Dies ist natürlich ein unfairer Vorwurf, denn Petzold zeigt nur Rückgrat, wenn er seine Geschichte bis zum Ende durchspielt. Bereits bei "Toter Mann" schien das Ende vorprogrammiert, doch der Regisseur und Autor zog sich noch ganz geschickt aus der Affäre. Beim Plot von "Wolfsburg" wird jedoch schnell klar, daß es zu keinem wirklich befriedigenden Ende kommen kann. Ein Happy End würde ein intelligenter Zuschauer niemals schlucken, aber nach den teilweise wunderschönen Szenen der Annäherung zwischen den zwei angeknacksten Hauptdarstellern (auch hier lassen sich bereits zu früh einige wiederkehrende Momente in der bisher schmalen Filmographie des Regisseurs erkennen) will man auch nicht, daß die rache vollzogen wird.
Kann das Retten der Mutter den Mord am Sohn wiedergutmachen?
Kann eine Beziehung funktionieren, die auf dieser Prämisse aufgebaut ist?

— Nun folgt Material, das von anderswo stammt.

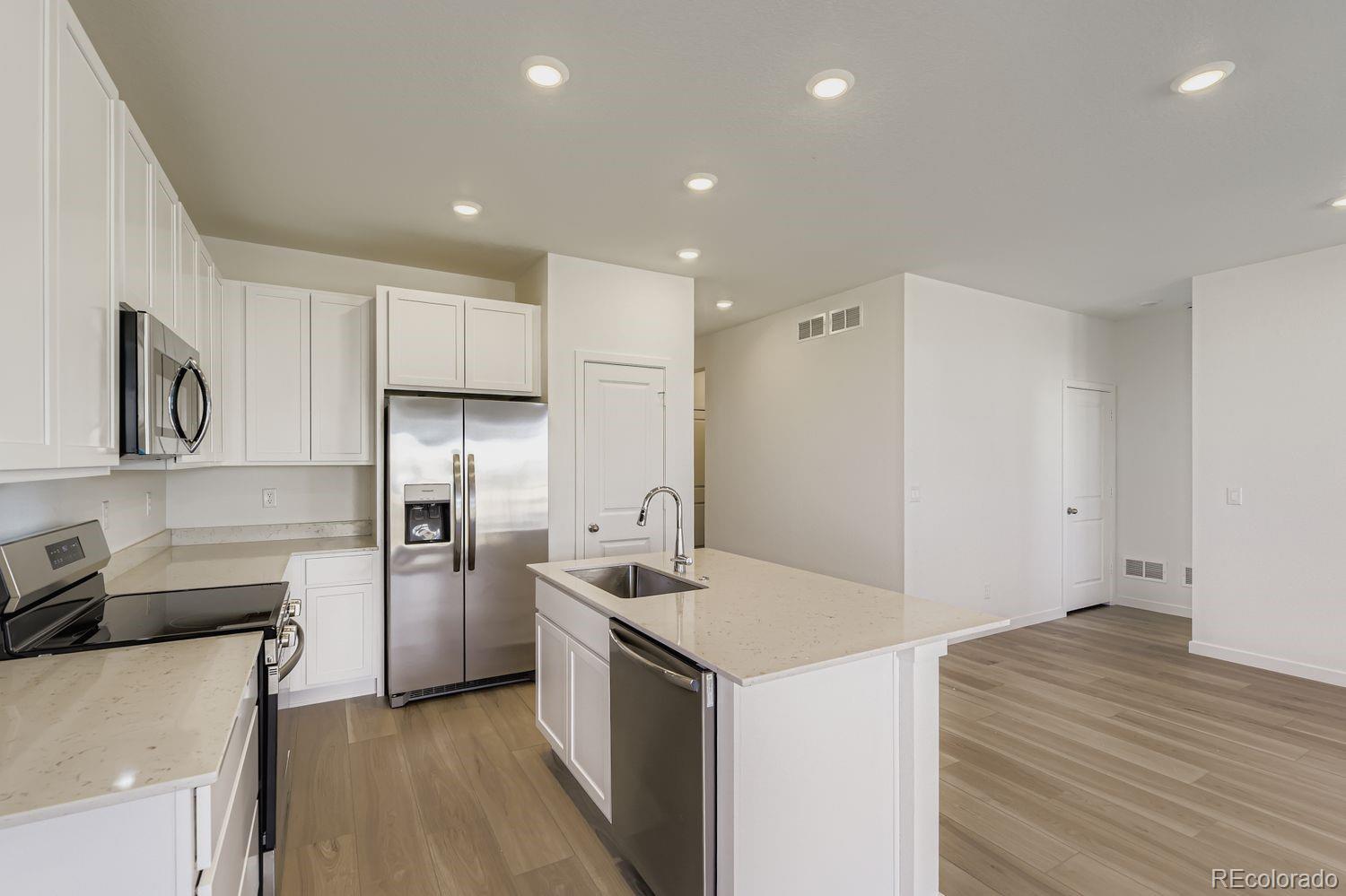 MLS Image #4 for 39847  bradley street,elizabeth, Colorado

Nein und Nein! Und so gerät das Ende eben etwas holprig, und auch, wenn man Petzold dafür loben muß, wie er seine "Lösung" inszeniert hat, bleibt schon durch das eigenartige Déja-vu-Gefühl ein fahler Beigeschmack.
Dennoch: Hervorragende Darsteller, ein komplexes, aber minimalistisches Skript mit einigen genialen Ideen, kurzum: ein Film, der mir widersinnigerweise nur deshalb nicht hundertprozentig gefällt, weil sein Regisseur eben nicht wie sein Hauptdarsteller Fahrerflucht begeht, sondern sich der Verantwortung für die von ihm erdachte Geschichte stellt, und das Beste aus den unumgänglichen Konsequenzen macht. Sogar ungeachtet dessen, daß ihm klar sein mußte, man könne ihm vorwerfen, ihm gingen bereits die Ideen aus und er wiederhole sich.
Somit habe ich meinen einzigen Vorwurf gegen den Film bereits selbst argumentativ ausgehebelt. Somit hat Petzold mich wohl doch überzeugt.